■ YOUR INSTRUCTIONS
You are asked to write out the full listing exactly as it stands.

Start of ENTRIES SHOWN

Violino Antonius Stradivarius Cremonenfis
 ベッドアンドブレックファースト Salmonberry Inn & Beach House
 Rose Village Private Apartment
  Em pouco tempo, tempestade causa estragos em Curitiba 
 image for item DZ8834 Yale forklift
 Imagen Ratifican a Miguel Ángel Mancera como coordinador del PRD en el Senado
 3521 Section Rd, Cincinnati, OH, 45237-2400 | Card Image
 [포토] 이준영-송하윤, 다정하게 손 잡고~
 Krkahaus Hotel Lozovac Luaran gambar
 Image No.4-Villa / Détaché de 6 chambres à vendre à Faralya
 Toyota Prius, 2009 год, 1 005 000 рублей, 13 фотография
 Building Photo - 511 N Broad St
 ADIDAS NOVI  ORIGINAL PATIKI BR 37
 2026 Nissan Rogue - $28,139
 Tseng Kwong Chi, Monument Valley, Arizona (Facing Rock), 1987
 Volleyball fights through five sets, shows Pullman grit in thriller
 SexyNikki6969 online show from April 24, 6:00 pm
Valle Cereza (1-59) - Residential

End of ENTRIES SHOWN

■ YOUR SOLUTION
Violino Antonius Stradivarius Cremonenfis
 ベッドアンドブレックファースト Salmonberry Inn & Beach House
 Rose Village Private Apartment
  Em pouco tempo, tempestade causa estragos em Curitiba 
 image for item DZ8834 Yale forklift
 Imagen Ratifican a Miguel Ángel Mancera como coordinador del PRD en el Senado
 3521 Section Rd, Cincinnati, OH, 45237-2400 | Card Image
 [포토] 이준영-송하윤, 다정하게 손 잡고~
 Krkahaus Hotel Lozovac Luaran gambar
 Image No.4-Villa / Détaché de 6 chambres à vendre à Faralya
 Toyota Prius, 2009 год, 1 005 000 рублей, 13 фотография
 Building Photo - 511 N Broad St
 ADIDAS NOVI  ORIGINAL PATIKI BR 37
 2026 Nissan Rogue - $28,139
 Tseng Kwong Chi, Monument Valley, Arizona (Facing Rock), 1987
 Volleyball fights through five sets, shows Pullman grit in thriller
 SexyNikki6969 online show from April 24, 6:00 pm
Valle Cereza (1-59) - Residential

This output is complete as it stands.